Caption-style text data
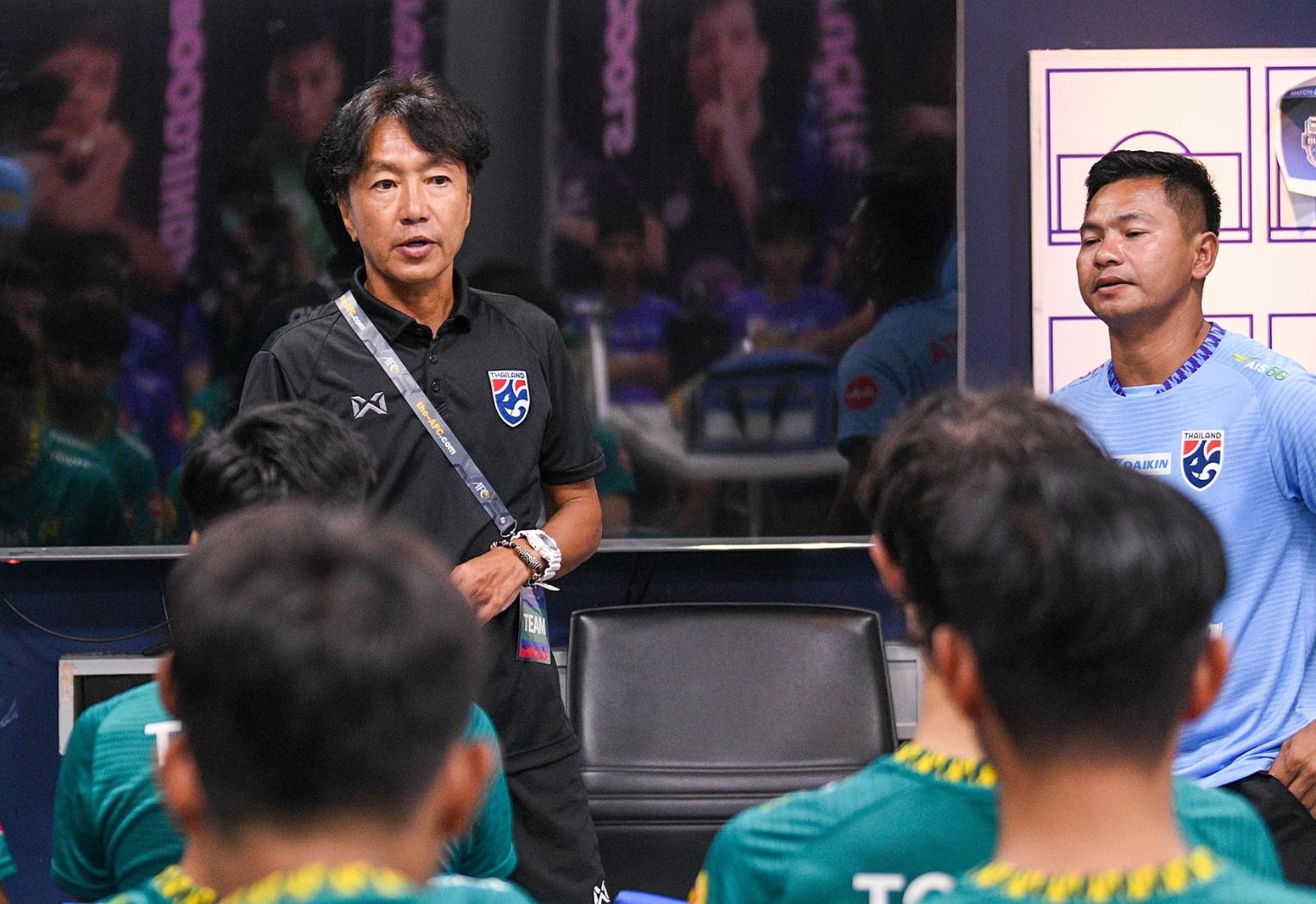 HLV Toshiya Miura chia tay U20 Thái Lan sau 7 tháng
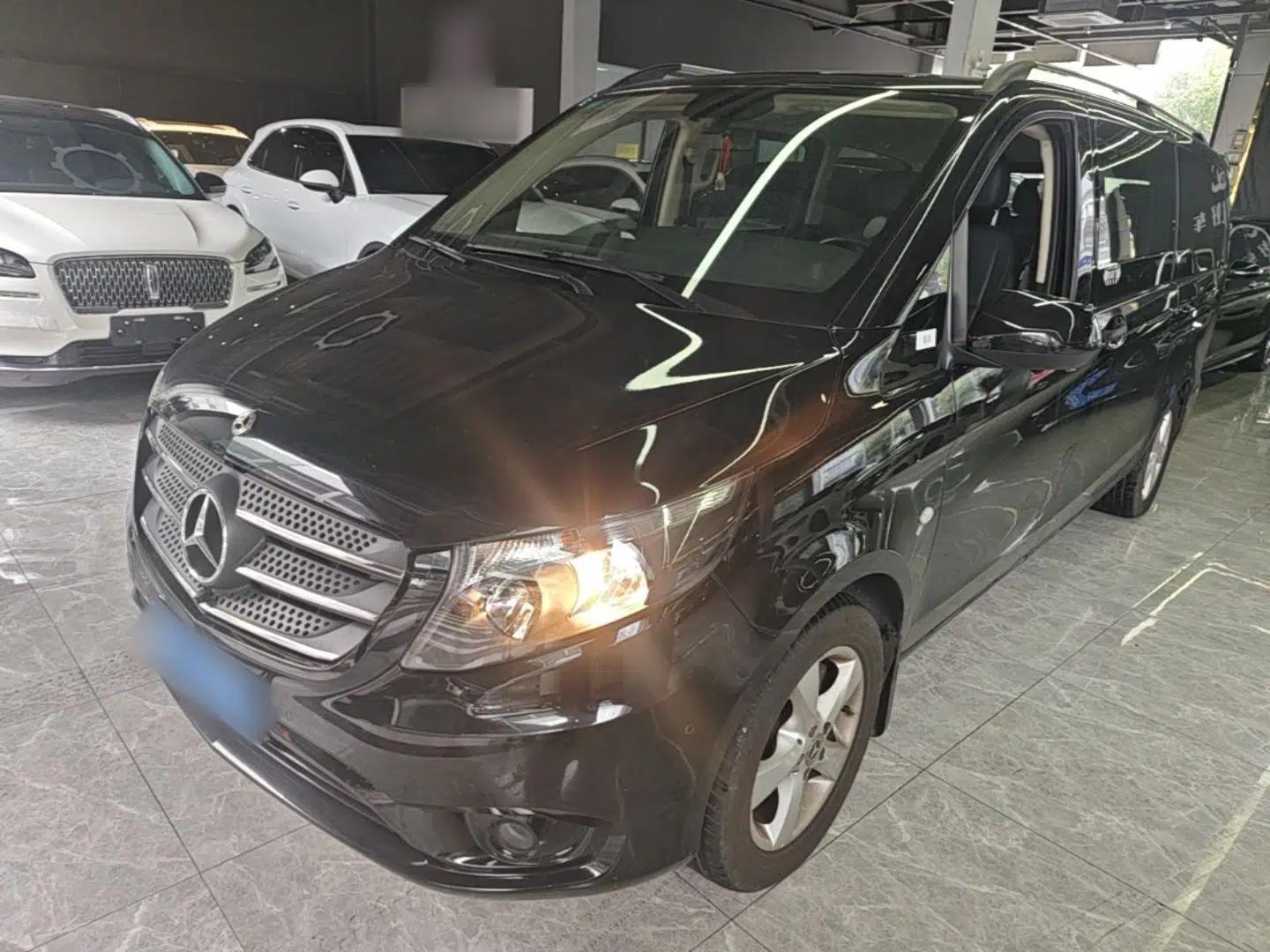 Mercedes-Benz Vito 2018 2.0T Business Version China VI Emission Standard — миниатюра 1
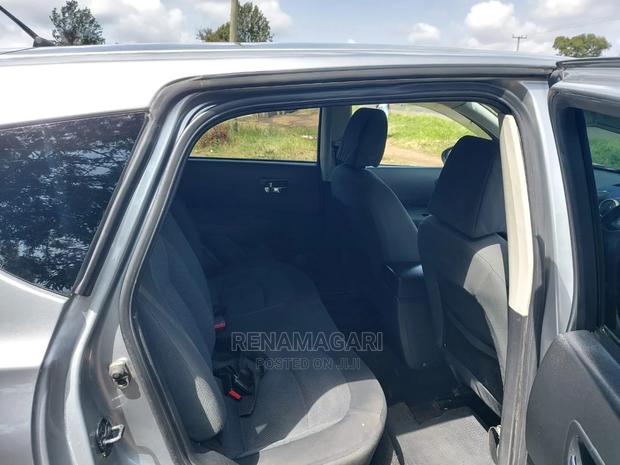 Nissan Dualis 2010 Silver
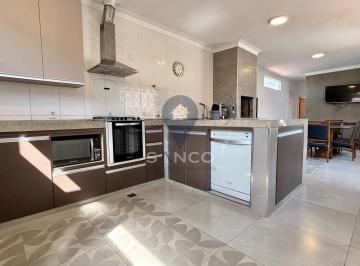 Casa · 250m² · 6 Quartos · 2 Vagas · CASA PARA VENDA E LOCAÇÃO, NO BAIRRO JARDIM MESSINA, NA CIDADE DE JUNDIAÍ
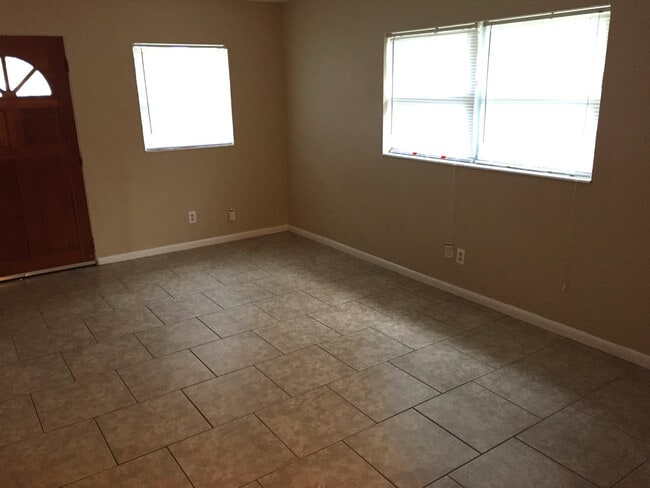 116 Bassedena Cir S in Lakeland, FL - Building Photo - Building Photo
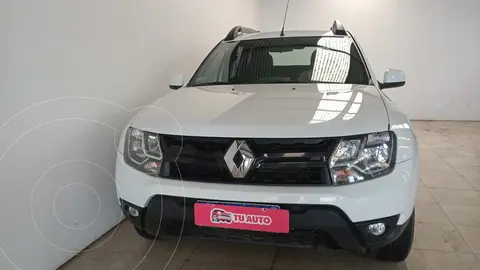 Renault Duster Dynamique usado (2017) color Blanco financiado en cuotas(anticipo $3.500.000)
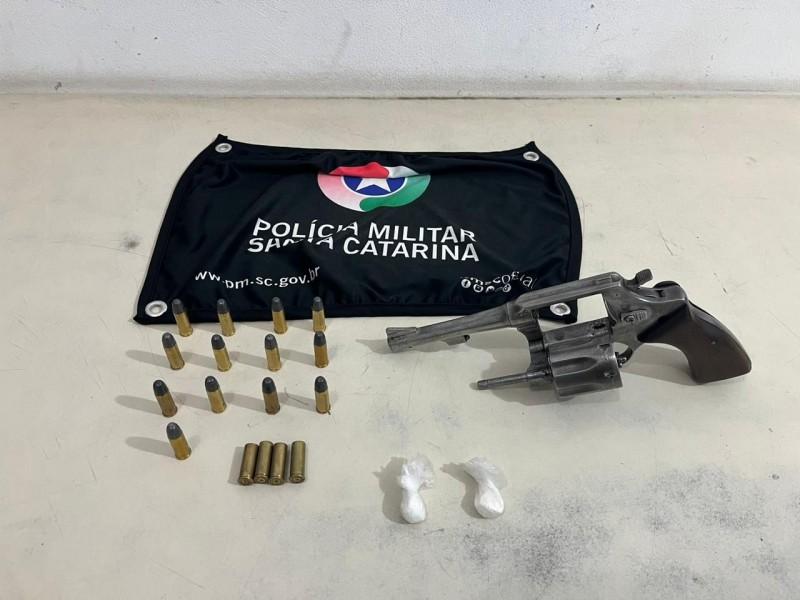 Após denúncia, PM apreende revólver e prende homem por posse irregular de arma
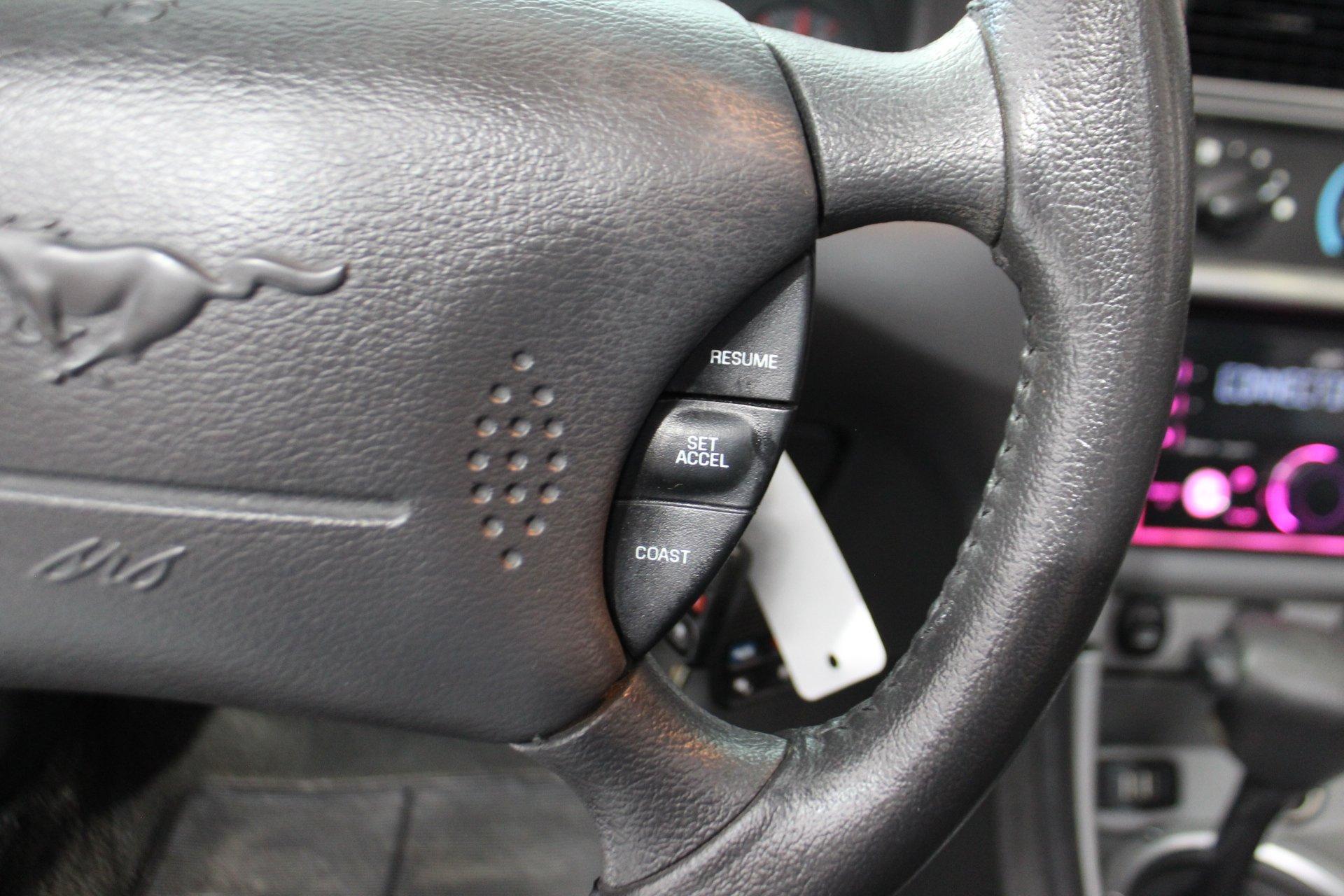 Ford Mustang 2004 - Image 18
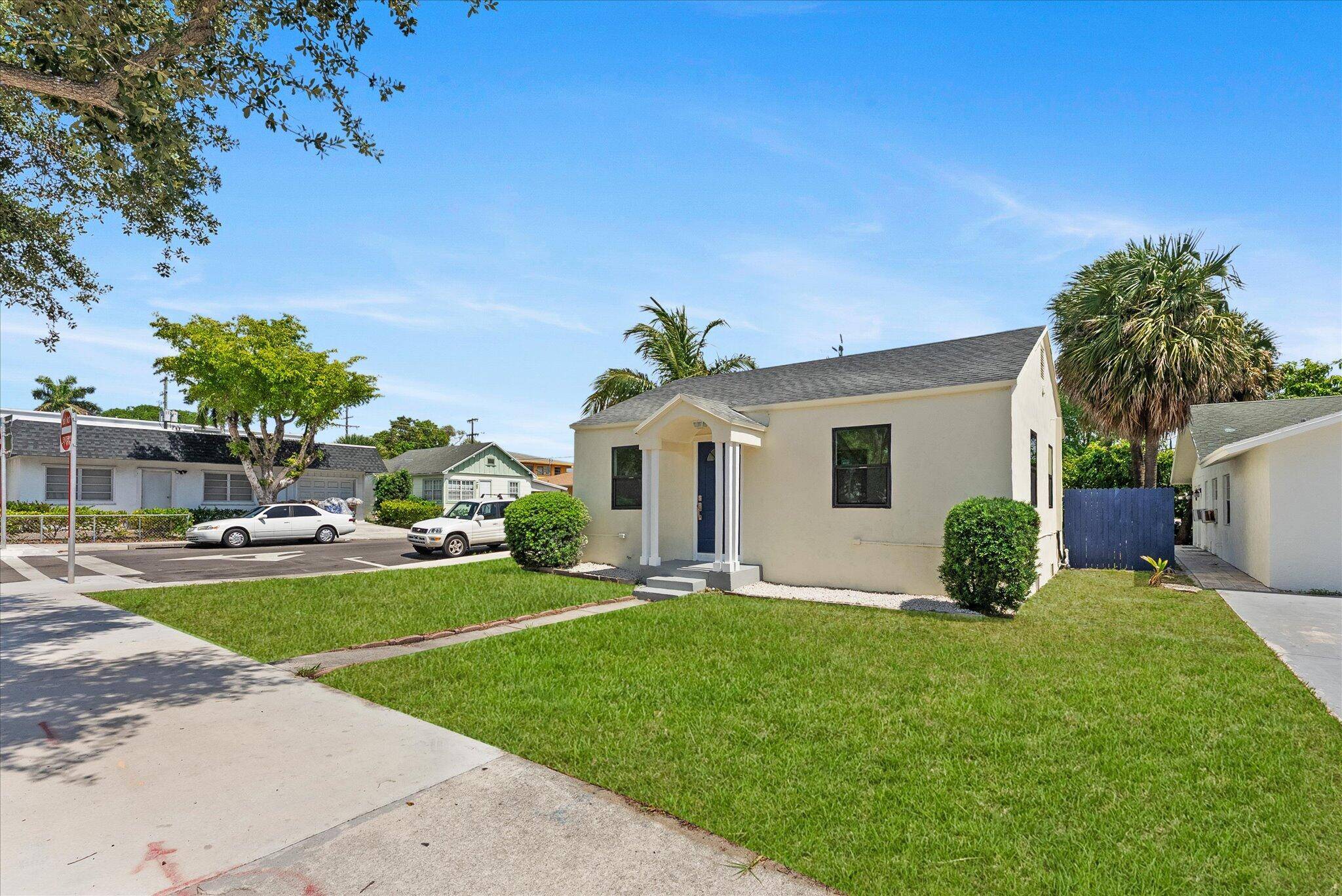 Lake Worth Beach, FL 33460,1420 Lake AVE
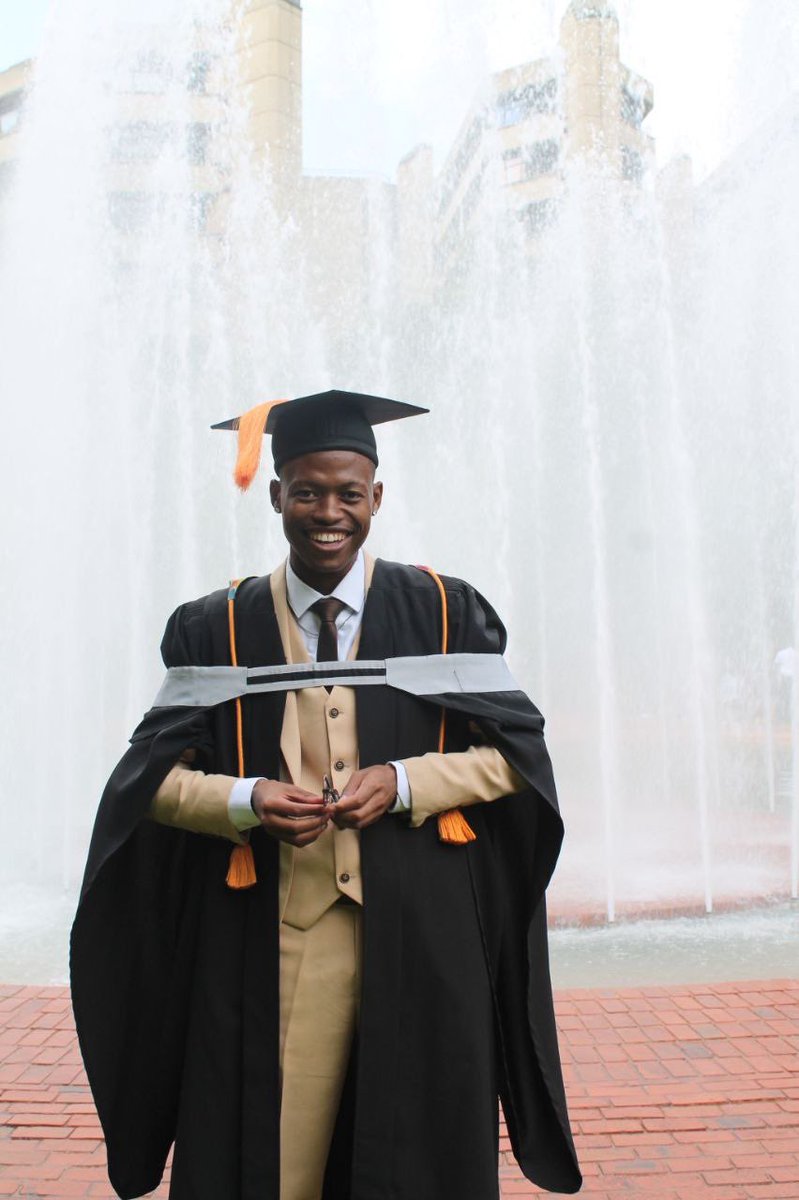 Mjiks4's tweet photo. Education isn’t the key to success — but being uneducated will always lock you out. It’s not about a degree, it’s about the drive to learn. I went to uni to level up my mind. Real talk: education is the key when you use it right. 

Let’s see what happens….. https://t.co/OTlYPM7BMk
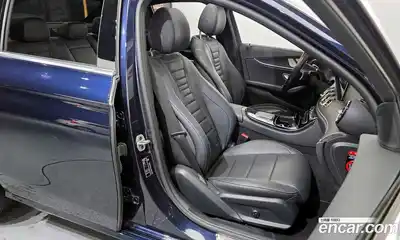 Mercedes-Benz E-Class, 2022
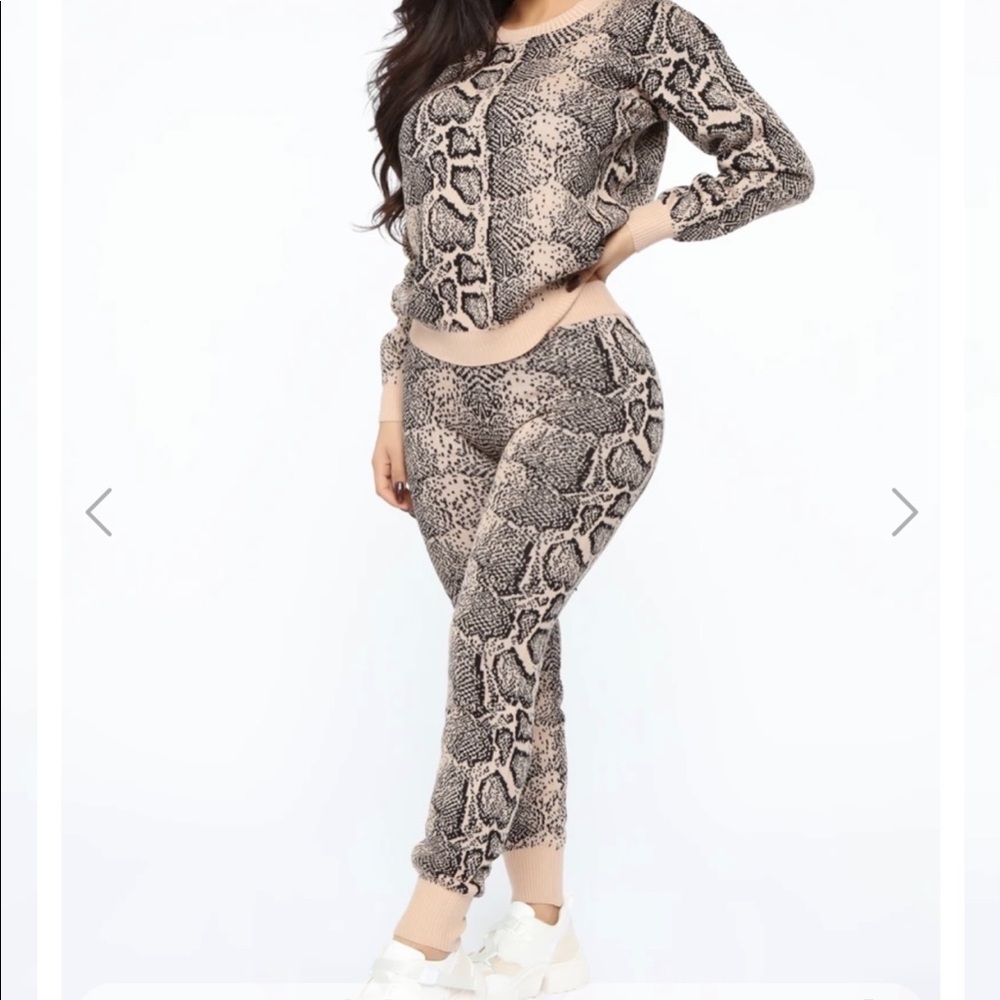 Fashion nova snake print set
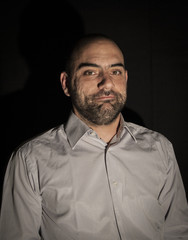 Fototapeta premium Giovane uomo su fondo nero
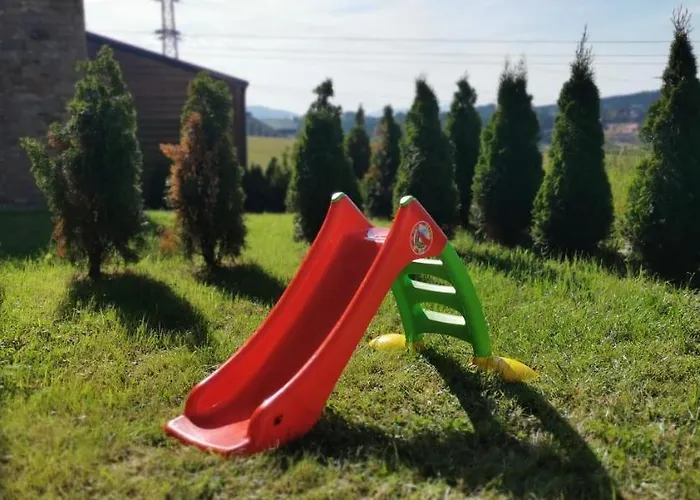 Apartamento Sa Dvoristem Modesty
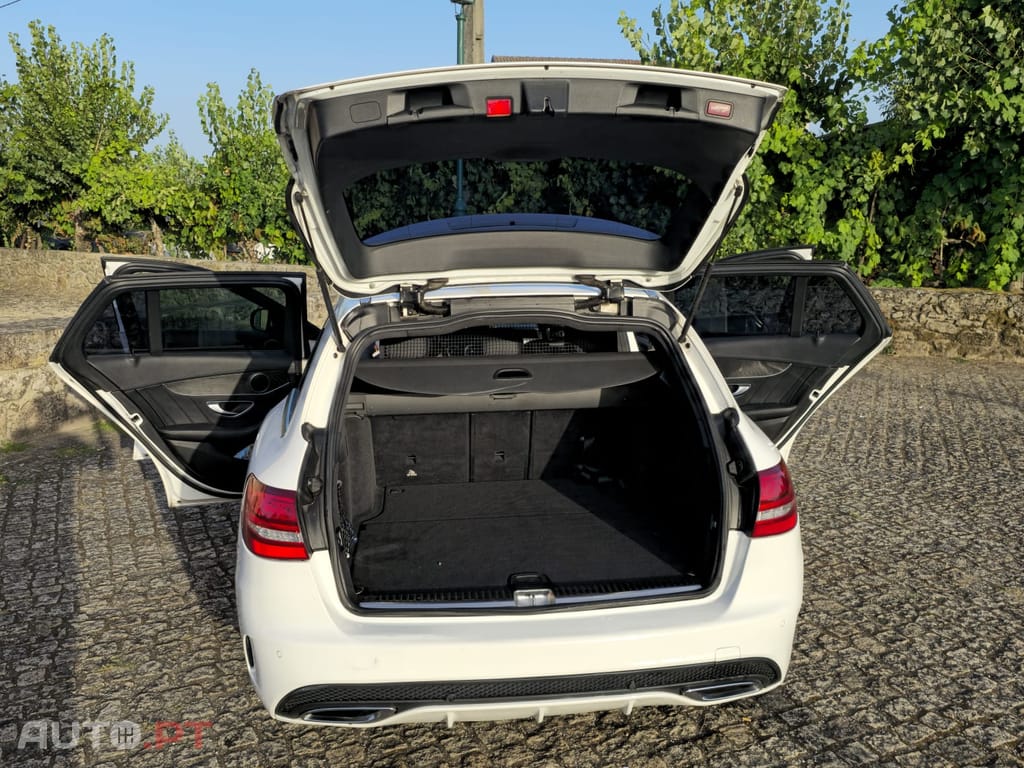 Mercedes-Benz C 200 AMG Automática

→ WHAT THE TASK REQUIRES
Write out a verbatim copy of the lines from the line that contains "Mercedes-Benz Vito 2018" through the end of the entries above; pictures are not copied.

→ RESPONSE TO THE TASK
 Mercedes-Benz Vito 2018 2.0T Business Version China VI Emission Standard — миниатюра 1
 Nissan Dualis 2010 Silver
 Casa · 250m² · 6 Quartos · 2 Vagas · CASA PARA VENDA E LOCAÇÃO, NO BAIRRO JARDIM MESSINA, NA CIDADE DE JUNDIAÍ
 116 Bassedena Cir S in Lakeland, FL - Building Photo - Building Photo
 Renault Duster Dynamique usado (2017) color Blanco financiado en cuotas(anticipo $3.500.000)
 Após denúncia, PM apreende revólver e prende homem por posse irregular de arma
 Ford Mustang 2004 - Image 18
 Lake Worth Beach, FL 33460,1420 Lake AVE
 Mjiks4's tweet photo. Education isn’t the key to success — but being uneducated will always lock you out. It’s not about a degree, it’s about the drive to learn. I went to uni to level up my mind. Real talk: education is the key when you use it right. 

Let’s see what happens….. https://t.co/OTlYPM7BMk
 Mercedes-Benz E-Class, 2022
 Fashion nova snake print set
 Fototapeta premium Giovane uomo su fondo nero
 Apartamento Sa Dvoristem Modesty
 Mercedes-Benz C 200 AMG Automática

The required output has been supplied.